Unwanted change to infrastructure is a leading cause of IT woes. Service availability outages, increased compliance costs, and the overall time and effort devoted to chasing change are just a few of the many problems faced by IT operations every day.
In an effort to “get in front” of the change problem, many organizations have invested heavily in solutions such as the change management components of BMC Remedy Service Management or BMC IT Service Management for Mid-sized Businesses (formerly “Magic”). These are widely deployed, market-leading products that do a great job of automating the process of managing change. So why do many organizations that have implemented these products fail to fully realize their expectations for control over change, and ultimately ROI?
The fact is that most change management implementations, regardless of vendor, fail to bring all change under control. Invariably, there is a gap between what the change management process says is happening and the change that is actually occurring across the IT infrastructure. This “Change Control Gap” is typically the result of process failure, not product failure. First of all, most processes are designed around the desired, and assumed change practices of the organization. They do not adequately consider actual change behavior, which is often largely unknown. This puts the process at odds with reality from the start. Secondly, the best process, even with a high-degree of automation, must be understood, socialized and religiously followed by the entire organization in order to succeed. This is a very difficult achievement even for mature organizations. Finally, most breakdowns to the process go undetected, at least until a major problem occurs. Even when detected there is no sustainable accountability mechanism. As a result, the process deteriorates over time and the gap widens.
The change control gap, in turn, creates an ROI gap for change management implementations. Even if 80% of change goes through process, it is the 20% of the change eluding process that keeps organizations from realizing much of their expected ROI. See Figure 1.
Closing the Gap
So is implementing a change management solution a waste of time and money? The answer is no. Change management solutions are absolutely necessary for the achievement of overall IT service management goals.
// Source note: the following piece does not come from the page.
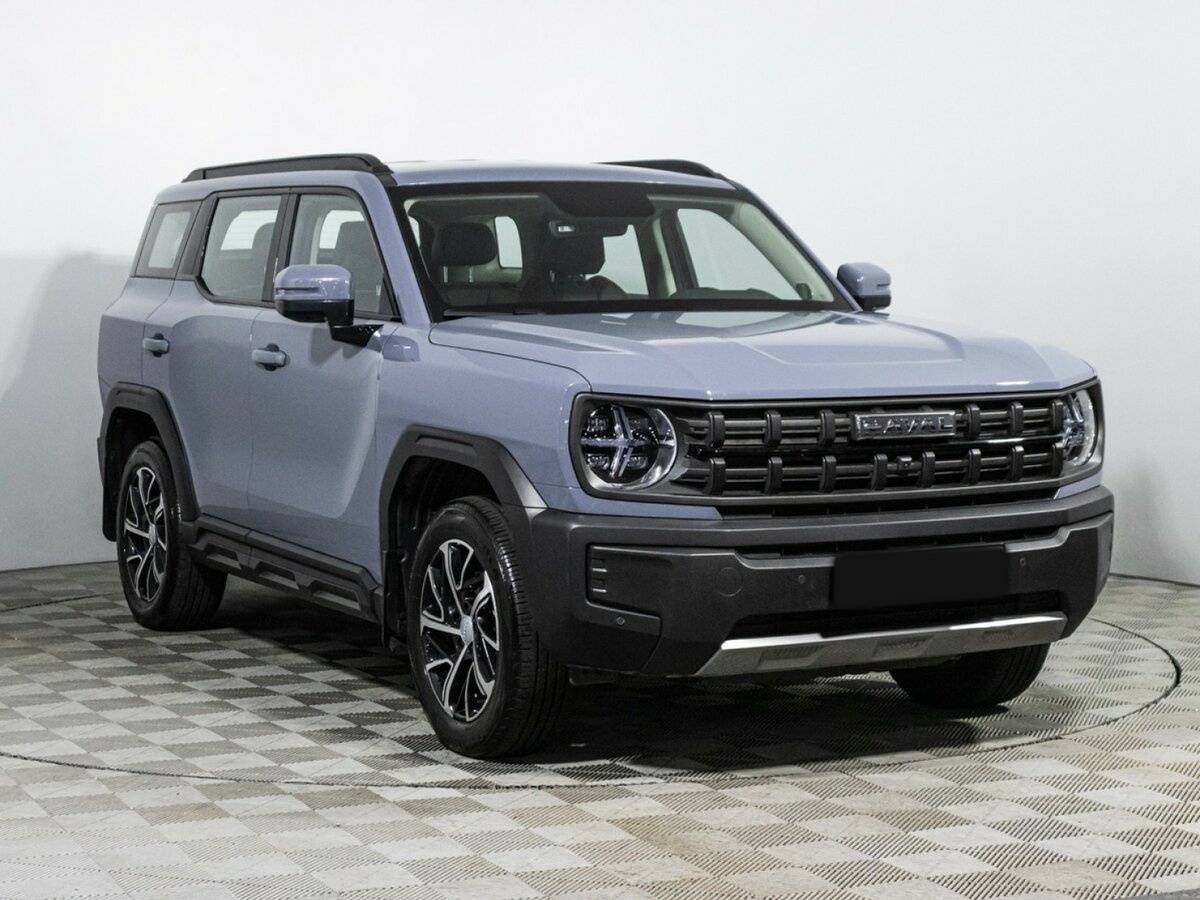 Haval H3, 2024 - 23 107 км. | Фото №3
However, to fully meet expectations, a change management implementation needs an additional ingredient: Closed-loop control.
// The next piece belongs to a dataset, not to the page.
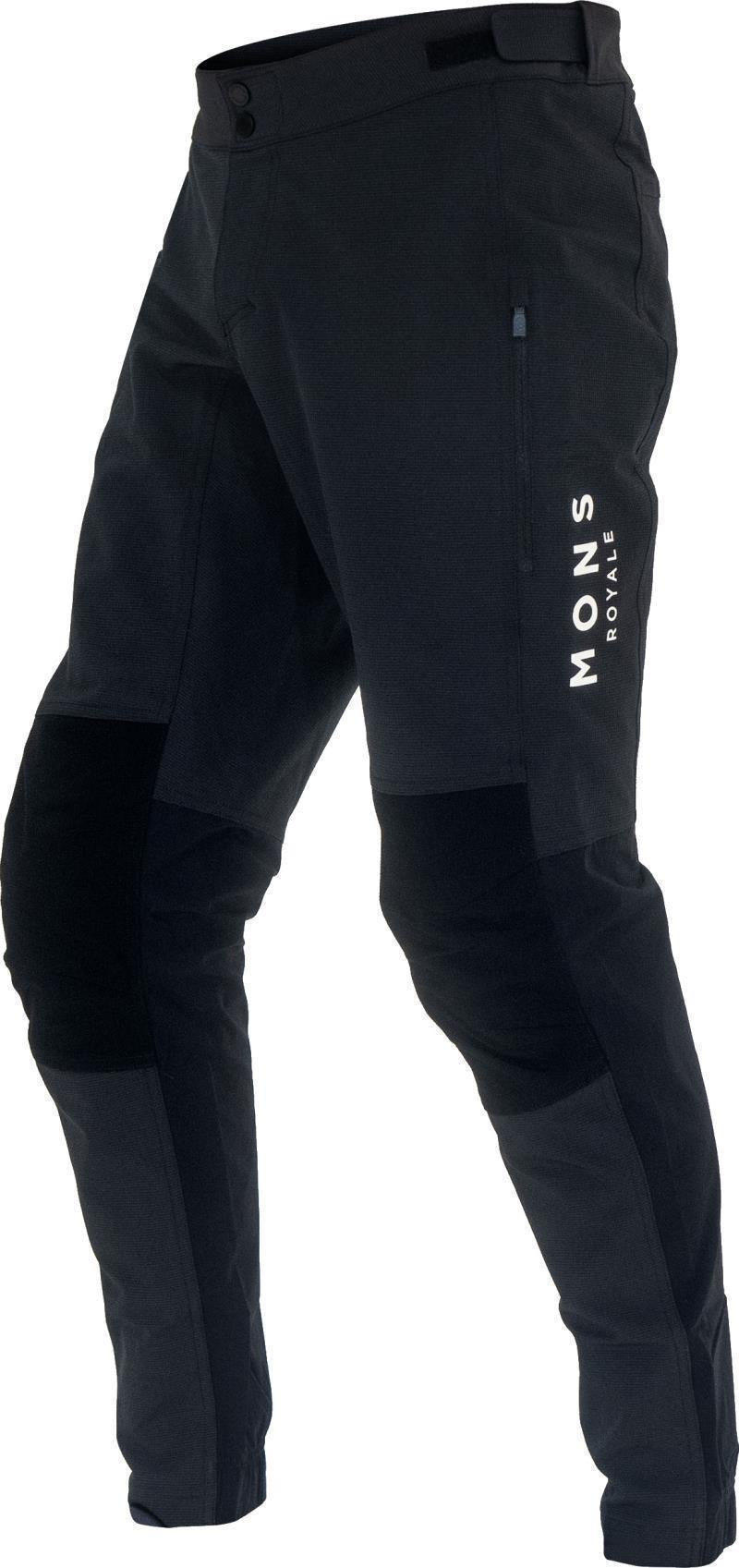 Momentum Bike Pants - Mens - Black 1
Organizations that recognize the need to close the loop on their change management processes often assume the answer is additional process automation combined with periodic checks on the state of the infrastructure. They attempt to link the change management solution with a change provisioning or datacenter automation tool to close the loop between approval and deployment. They may also invest in a configuration management database (CMDB), which helps track the state of the infrastructure and its internal dependencies. Both of these approaches have great value and are recommended practices for achieving ITIL maturity. However, they do not close the change control gap. Change still happens outside of the process and the CMDB, even when fully implemented and fed by surrounding processes, typically has neither timely nor complete information about such change.
What’s needed to close the gap is a specific form of closed-loop control at the infrastructure level that is tightly integrated with the change management solution. Closed-loop control starts with three fundamental capabilities:
1. Continuous change auditing: This means capturing each relevant change to the infrastructure as it happens and capturing all the pertinent details regarding that change, including who made the change, what specifically was changed, exactly when the change was made, and what program was used to make the change. Note that continuously auditing change actions is fundamentally different from “periodically” auditing the state of the infrastructure.
2. Change validation against change requests: This involves using all the information captured about actual change to group changes intelligently and match them against change requests in the change management system.
3. Real-time change prevention: This is the capability to actually prevent change from occurring without a valid change request. This must be fine-grained and flexible to match the needs of different environments.